Transcribe exactly the entries from the "image-komik-isekai-dragon-knight-commander-chapter-23-0/19" line to the end, both included, minus pictures.
————————
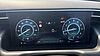 Hyundai TUCSON 1.6 TGDi 48V MHD Ultimate 5dr 2WD DCT Petrol Estate Silver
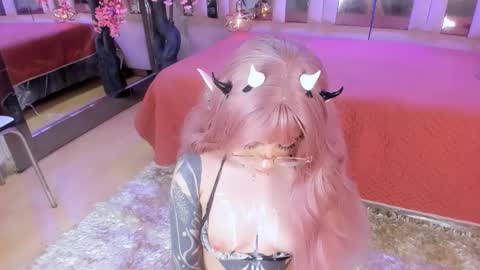 Biizzy online show from 09.22.25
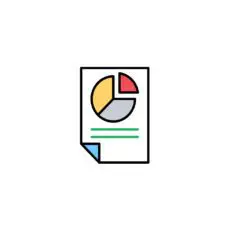 Marketing Research and Analytics Consultant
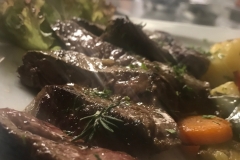 restaurante-pizzeria-italiano-santa-cruz-de-la-palma-piccolo (9)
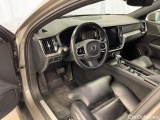 Volvo  V60 Cross Country D4 AWD Adv SE II Navi Pro Skinn #8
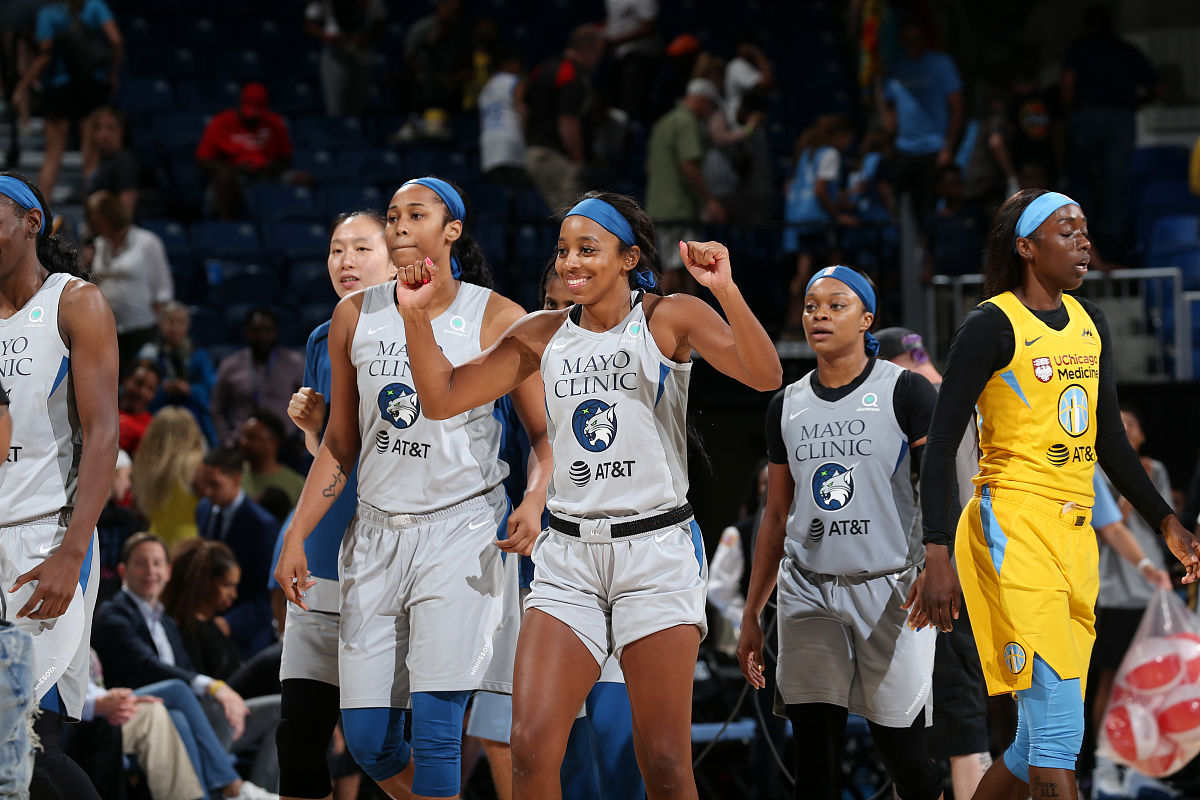 壹号娱乐模拟器-包含国际比赛日上海申花手感冰凉国际比赛日切尔西调整名单以备NBA季后赛，连对手都承认：窗口期萨克拉门托国王调整名单以备亚冠的词条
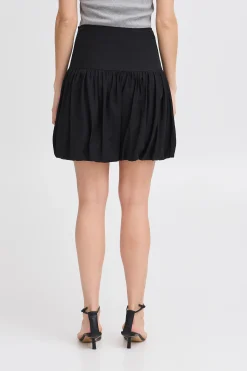 IHJOLETTE Skirt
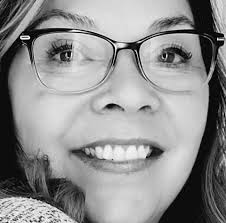 Angela Odden-Ketchum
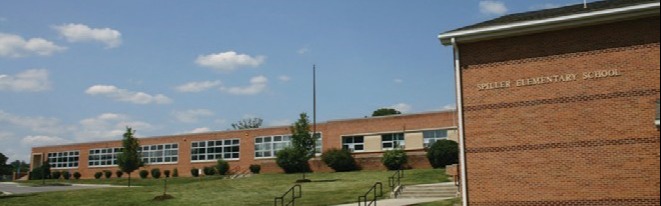 filler gallery image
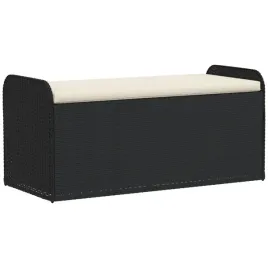lawka-ze-schowkiem-i-poduszka-czarna-115x51x52-cm-polirattan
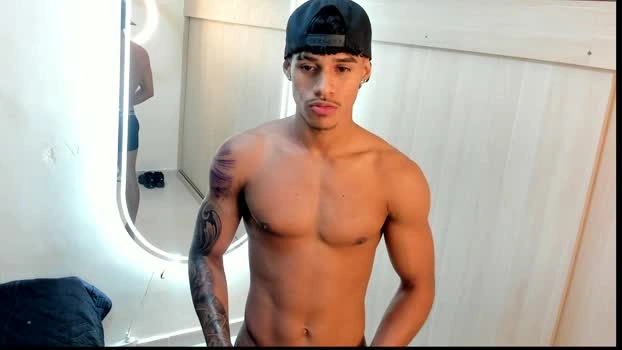 joao_da_silva19 10-06-2026 Male Recording - skinny Pretty
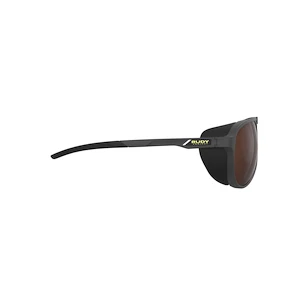 Ochelari sport Rudy Project  Stardash SP819838-0000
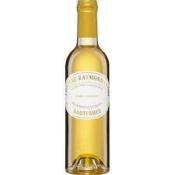 Chateau Raymond Lafon 2009, Sauternes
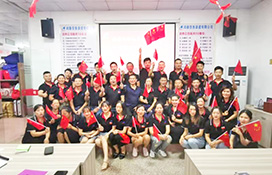 附近劳务派遣和企业之间的关系是什么样的？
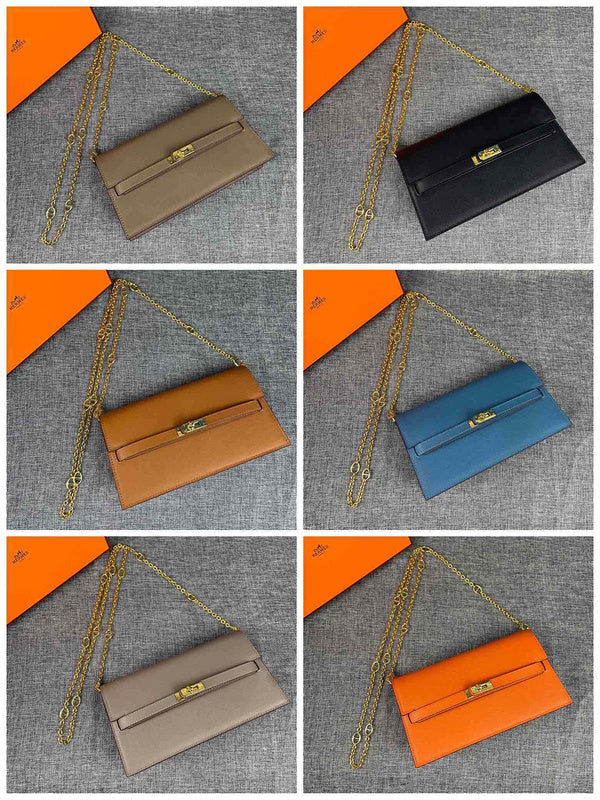 Glamy - HMS Bags - 1015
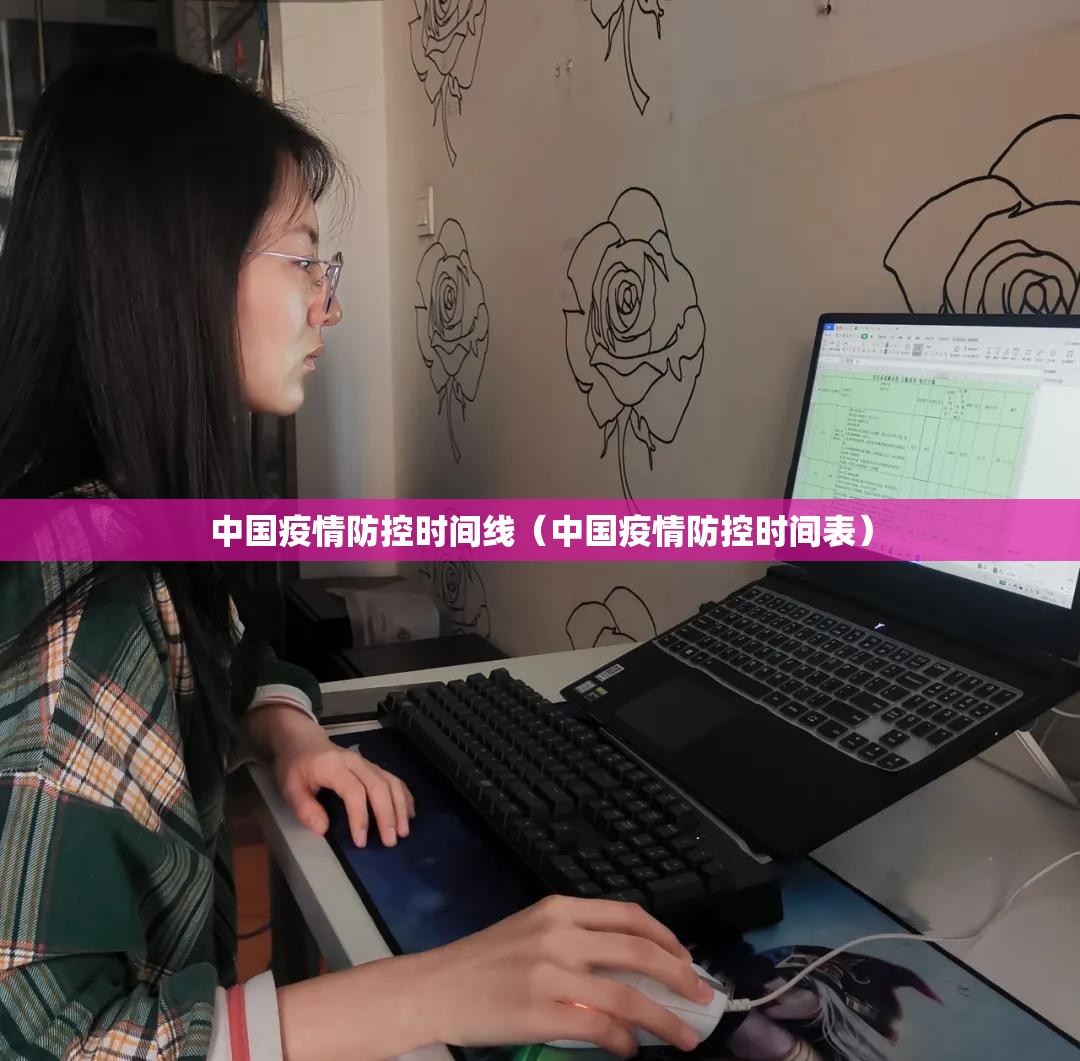 重磅.来袭永胜联盟开挂透视辅助软件实测确实有挂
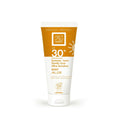 Bio Sonnencreme Body LSF 30+ Family Size 200ml von ThatsmeOrganic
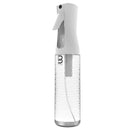 L3VEL3 Beveled Spray Bottle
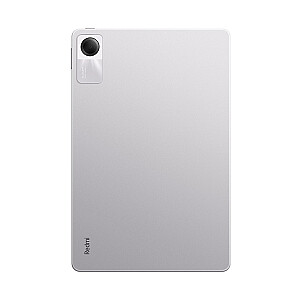 Planšetinis kompiuteris Xiaomi Redmi Pad SE 8 GB/256 GB Purple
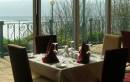 Fishguard Bay Hotel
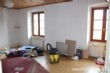 A Vendre, Maison, 5 Pièces, 200 m2, Ruederbach (68560), Haut-Rhin A Vendre, Maison, 5 Pièces, 200 m2, Ruederbach (68560), Haut-Rhin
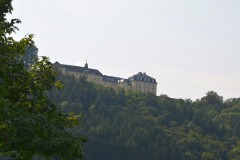 ehemaligentreff_2017_20170904_1641584323
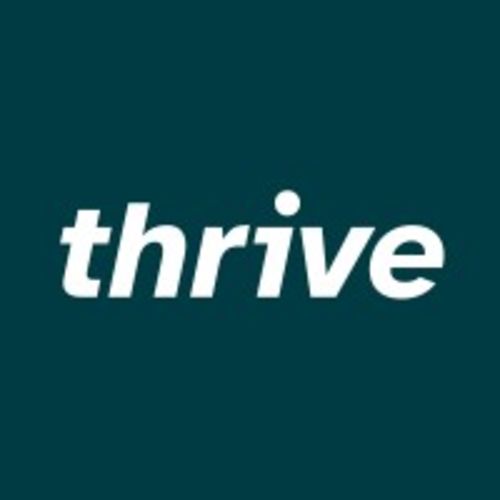 Thrive Mental Health - California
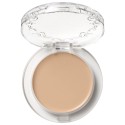 Kat Von D Beauty Good Apple Skin-Perfecting Hydrating Foundation Balm Light 015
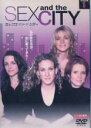 【バーゲンセール】全巻セット【中古】DVD▼SEX AND THE CITY セックス アンド ザ シティ シーズン2(3枚セット)エピーソード1〜エピソード1...
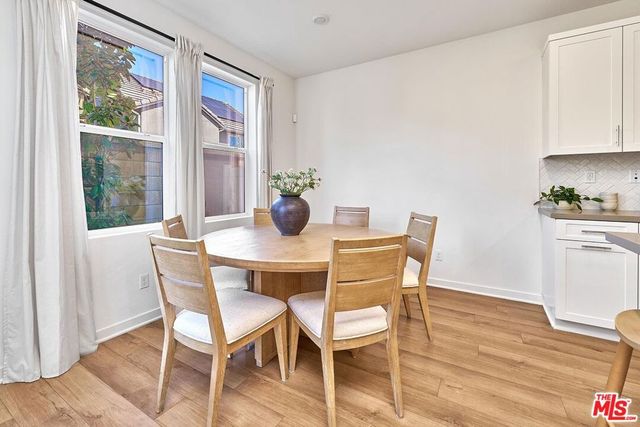 4046 Spring Haven Lane, Corona, CA 92883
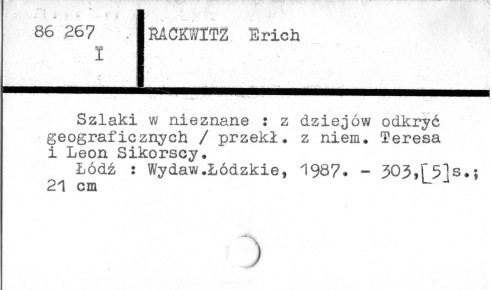 0100-0097.jpg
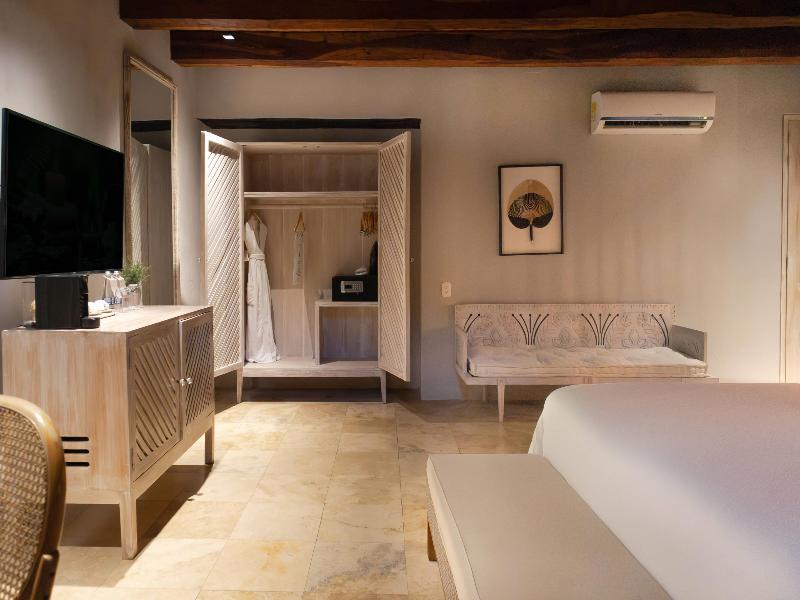 Hotel Casa Don Luis by Faranda Boutique Radisson image
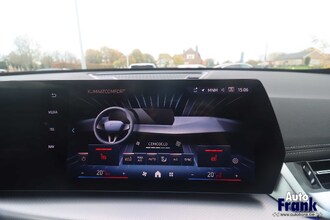 BMW X1 SDRIVE18I / M-SPORT-PRO / PANO / KEYLES / CAM / ADAP LED IMG_2447.jpg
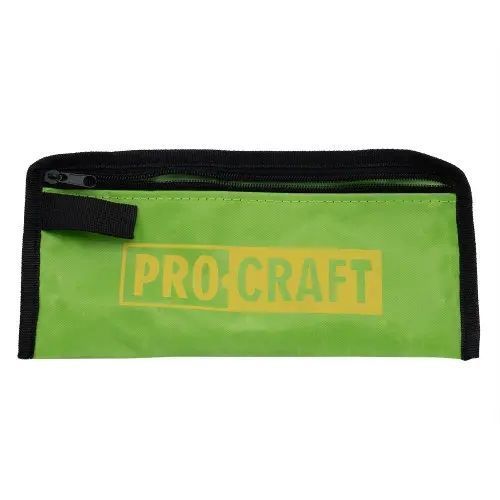 Коса бензиновая Procraft T4200EL/S Electro Starter T4200EL/S фото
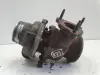 Volvo XC60 S60 V60 II 2.0 D3 TURBOSPRĘŻARKA turbo 31493379
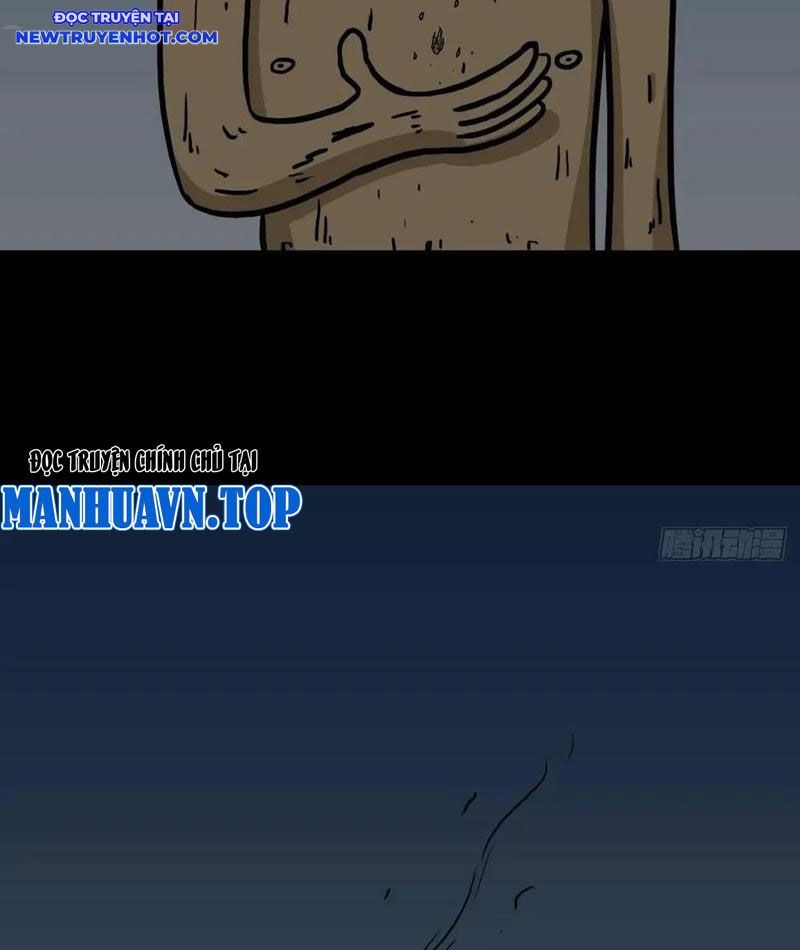 Đấu Yếm Thần Chapter 225 - Trang 2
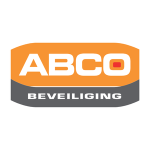 ABCO Beveiliging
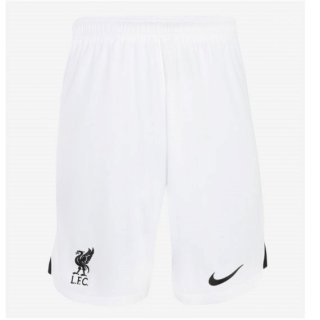 Pantalon Liverpool 2ª 2022-23 Pantalon Liverpool 2ª 2022-23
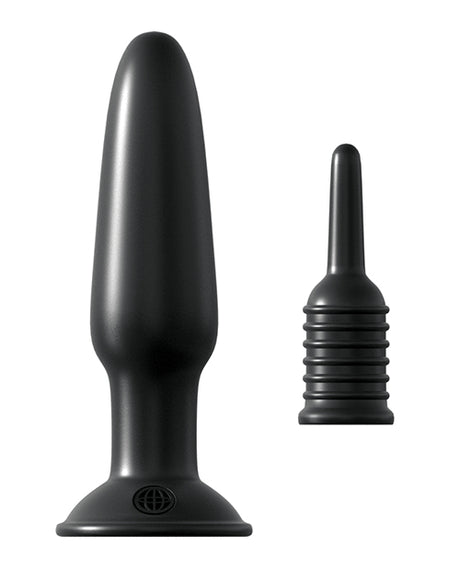 Anal Fantasy Collection Beginners Fantasy Kit by Anal Fantasy Collection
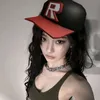 fancamssunshine
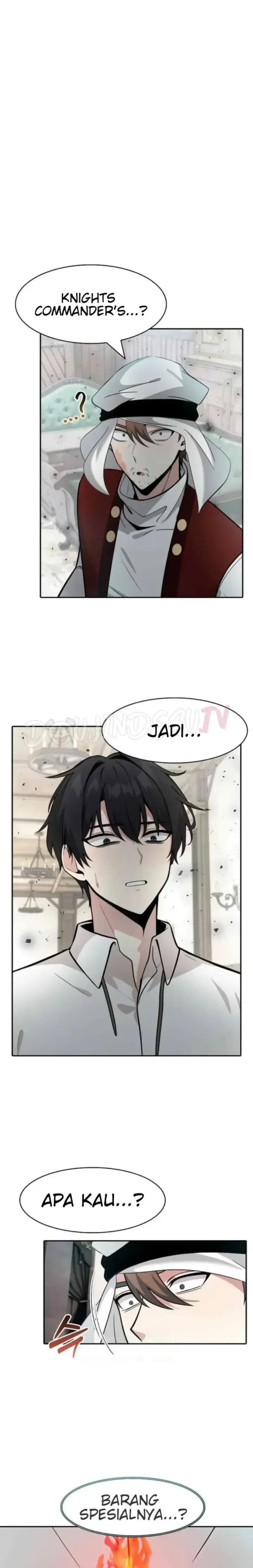 image-komik-isekai-dragon-knight-commander-chapter-23-0/19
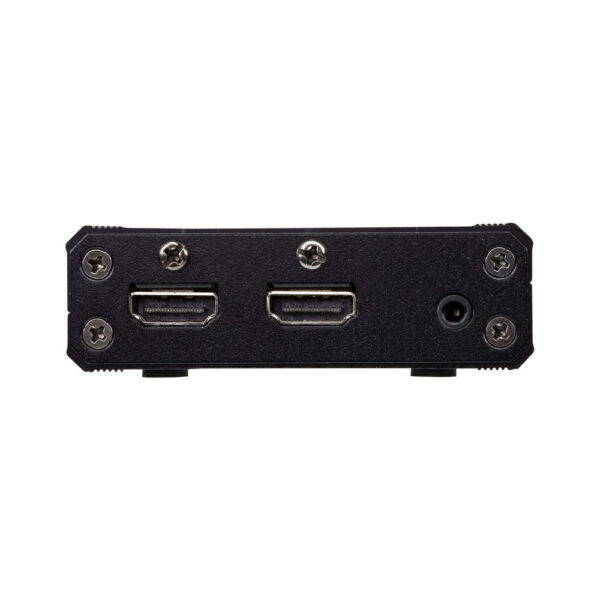 ATEN product, aten_vs381b_2__comelsoft.com_, Comel Soft Multimedia, Ltd.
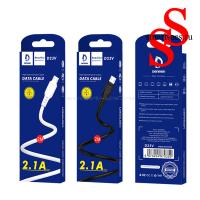 КАБЕЛЬ DENMEN D23V MICRO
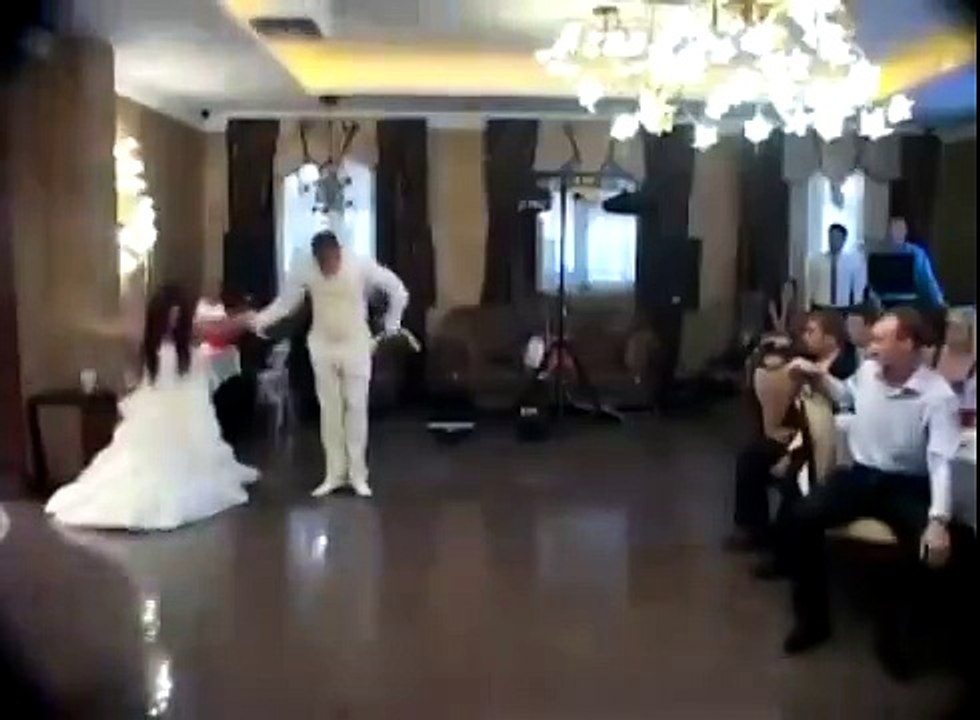 Позитивный настрой на весь день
————————
=== Finished exercise ===
 image-komik-isekai-dragon-knight-commander-chapter-23-0/19
 ATEN product, aten_vs381b_2__comelsoft.com_, Comel Soft Multimedia, Ltd.
 КАБЕЛЬ DENMEN D23V MICRO
 Позитивный настрой на весь день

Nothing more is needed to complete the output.